To derive meaning from its data, a bank must also have mature analytics capabilities. At minimum, this means being able to use descriptive analytics to describe the current state of business, and then diagnostic analytics to understand why this outcome occurred. Ideally, it also means using predictive analytics to forecast what will happen, and finally prescriptive analytics to determine what should be done to achieve a desired outcome.
While most banks have mastered the first two stages of analytical maturity, few have mastered the second two. That’s because many banks still don’t have a solid foundation of data governance and warehousing, which is critical to achieving predictive and prescriptive analytics. Banks must establish this and master descriptive and diagnostic analytics before they can be ready for predictive and prescriptive analytics. Naturally, a Data-First bank or credit union should be capable of all four.
Milestone 2: Apply Artificial Intelligence and Machine Learning
AI and ML also are vital to analytical maturity. Once your bank has a strong data warehousing foundation, you can apply Al and ML to power the back end of your predictive and prescriptive analytics. This makes them key to staying ahead of customer needs and reducing risk.
When applied to your customer data, AI and ML can help you predict customer behavior with speed and accuracy and take preemptive action to address customer needs. For example, an AI model can automatically flag early indicators that a customer is at risk for default—and provide possible reasons why—even if the customer hasn’t defaulted yet. With this insight, your bank can offer tailored support to help the customer avoid default before it occurs.
In this way, AI and ML can help you gain a deeper understanding of your customers and provide them with higher-value products and services.
Milestone 3: Measure ROI to Your Organization
To treat data as a true business asset, your bank must have a way to measure ROI from the strategic use of that asset. Here are five pillars you can use to assess the value your data strategy is creating for your organization:
- Innovation. How much has your market value increased because you’ve been able to improve performance; create differentiated customer experiences; or launch new products and services?
- Revenue. How much has your revenue increased because you’ve used data to intelligently cross or upsell; acquire more customers with better targeting; or retain more customers through better experiences?
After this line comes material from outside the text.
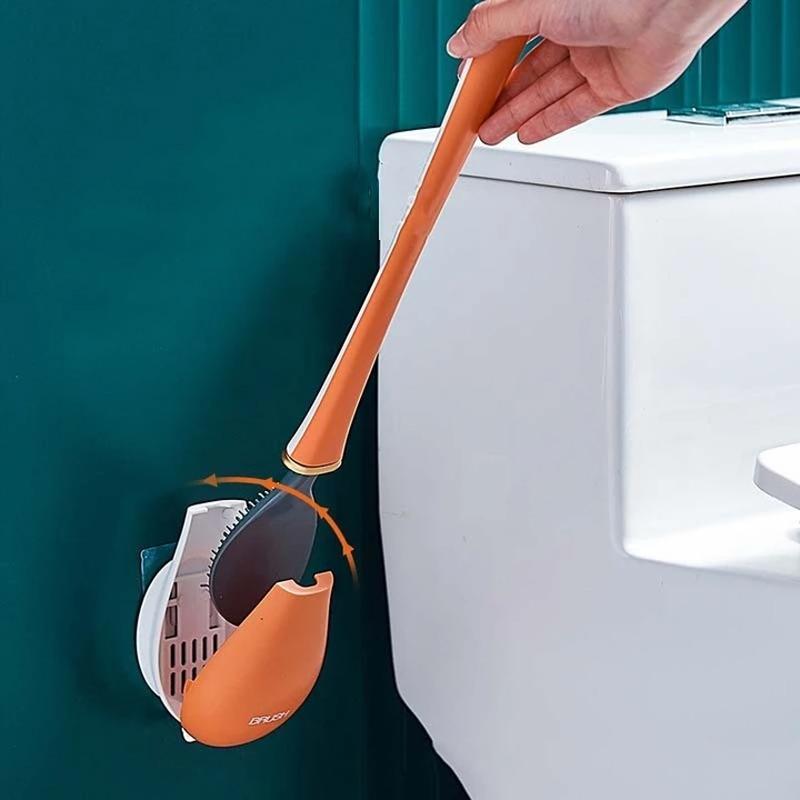 Toiletrengøringsbørste med langt skaft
- Operational effectiveness and efficiency. How much have your costs decreased because you’ve used data insights to solve customer problems faster; better utilize your resources; or shift your activities to lower-cost channels?
- Risk Avoidance. How much has your risk decreased because you used holistic data views to improve data quality; strengthen compliance; streamline your master data management; or improve collaboration?
- Direct costs. What’s the cost of operating your data strategy compared to the value you gain from having it? Subtract how much you spend on direct costs like software, infrastructure, training, maintenance, data enhancement, etc. from the revenue growth and cost reductions you achieve in the areas above. Then, factor in the added risk and missed opportunities you’d incur without those investments. This will give you a tangible calculation of your data strategy’s ROI.
If you’re leading your bank’s Data-First efforts, your ability to calculate this ROI will be critical. Ultimately, you’ll need to report these metrics to stakeholders in order to justify your bank’s investment in its data initiatives.
A Journey, Not a Sprint
Data-First banks or credit unions aren’t built in a day. Becoming one is a journey marked by small wins and incremental change. These milestones can help you track your success along the way, and help your bank stay on course to its digital transformation goals.